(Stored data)
== Segment start ==
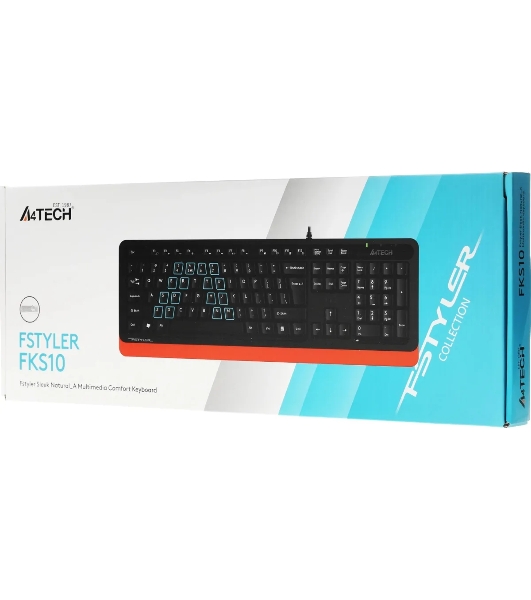 Клавиатура проводная A4Tech Fstyler FKS10, USB, черный/оранжевый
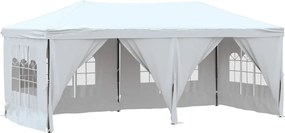 vidaXL Cort pliabil pentru petreceri cu pereți lateral, alb, 3x6 m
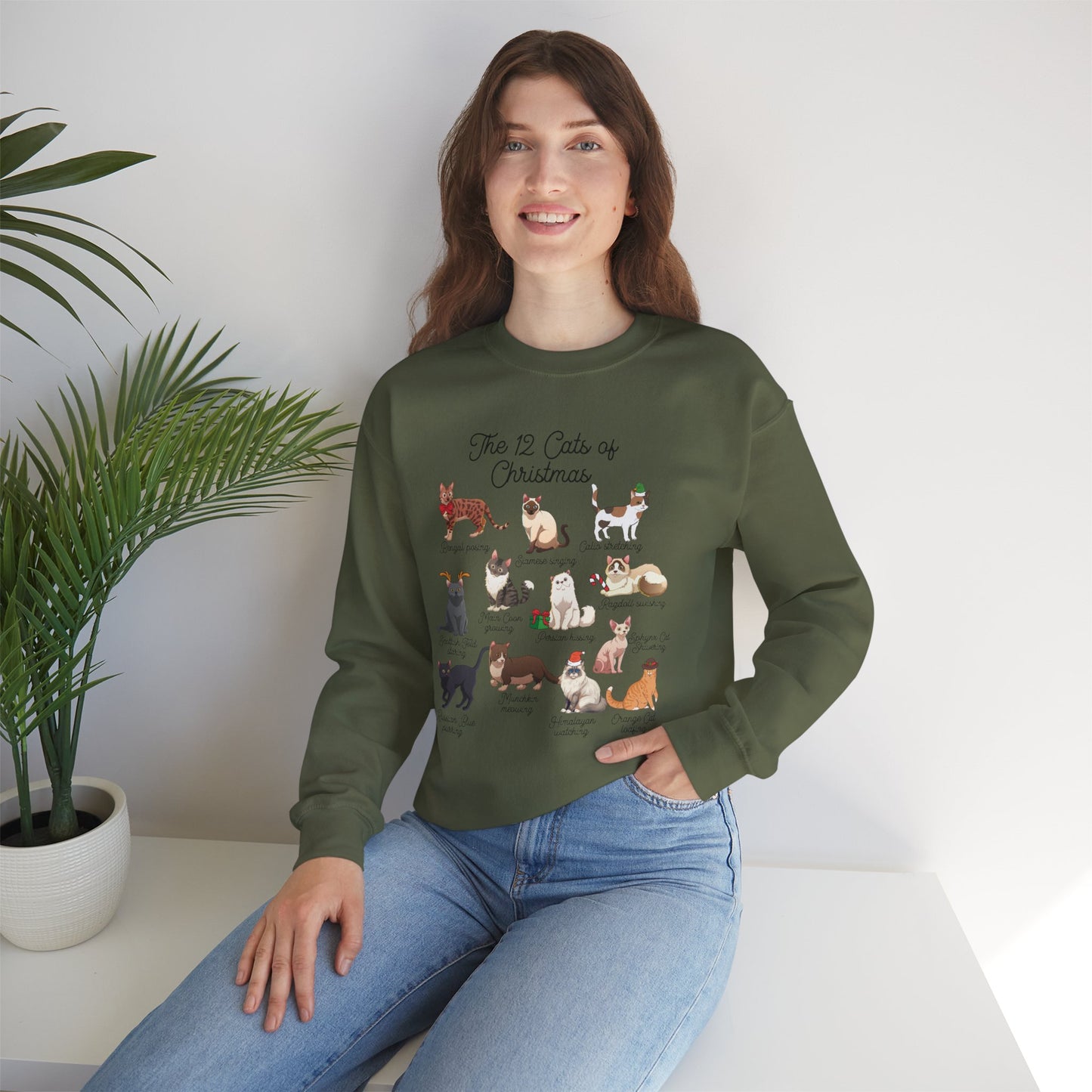 12 Cats of Christmas Holiday Crewneck Sweatshirt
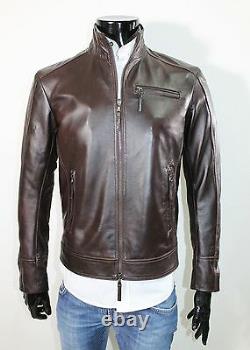 Italian Handmade Men Soft Lambskin Leather Slim Fit Jacket Brown Distressed S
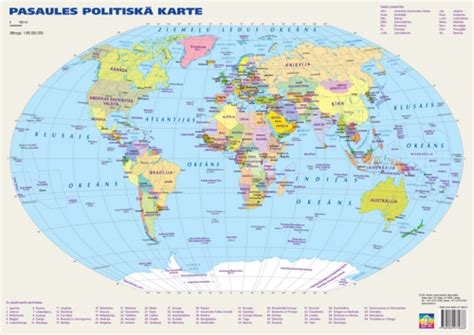 Pasaules politiskā un fizioģeogrāfiskā karte A3 formātā - Jāņa sēta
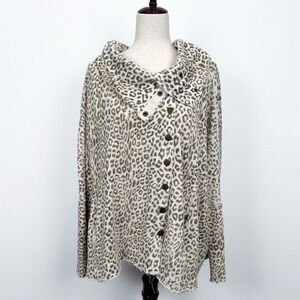 Free People Top Womens Small Brown Animal Print Slouchy Cardigan Bohemian Lounge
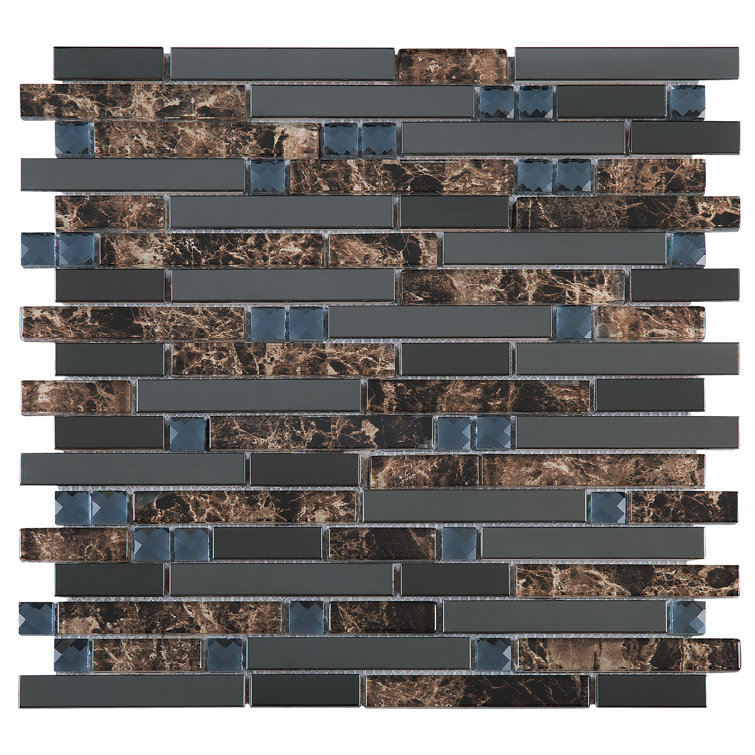 Gray and Brown Glass Linear Mosaic Wall Tile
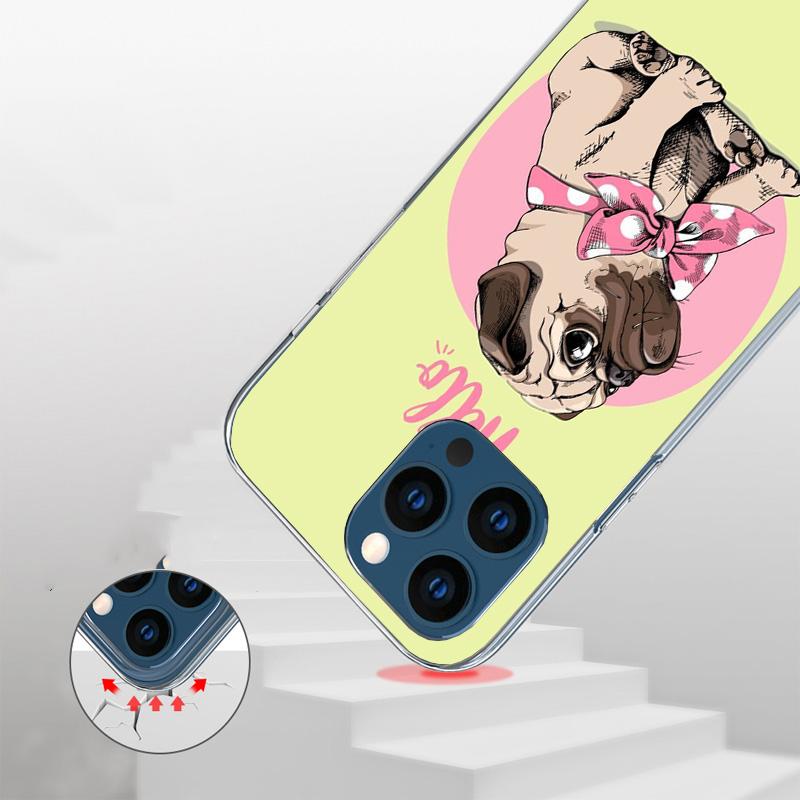 Love Pugs Cute Dog Phone Case For iPhone 17 Air 16 Pro Max 16E 15 + 14 Plus 11 12 13 Mini 7 8 SE Gift Print Cover Fundas 16 Pro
== Segment end ==
■ Goal of the exercise ■
Copy every line of the data exactly as written, excluding the pictures.

■ Response to the task ■
 Клавиатура проводная A4Tech Fstyler FKS10, USB, черный/оранжевый
 vidaXL Cort pliabil pentru petreceri cu pereți lateral, alb, 3x6 m
 12 Cats of Christmas Holiday Crewneck Sweatshirt
 Italian Handmade Men Soft Lambskin Leather Slim Fit Jacket Brown Distressed S
 Pasaules politiskā un fizioģeogrāfiskā karte A3 formātā - Jāņa sēta
 Free People Top Womens Small Brown Animal Print Slouchy Cardigan Bohemian Lounge
 Gray and Brown Glass Linear Mosaic Wall Tile
 Love Pugs Cute Dog Phone Case For iPhone 17 Air 16 Pro Max 16E 15 + 14 Plus 11 12 13 Mini 7 8 SE Gift Print Cover Fundas 16 Pro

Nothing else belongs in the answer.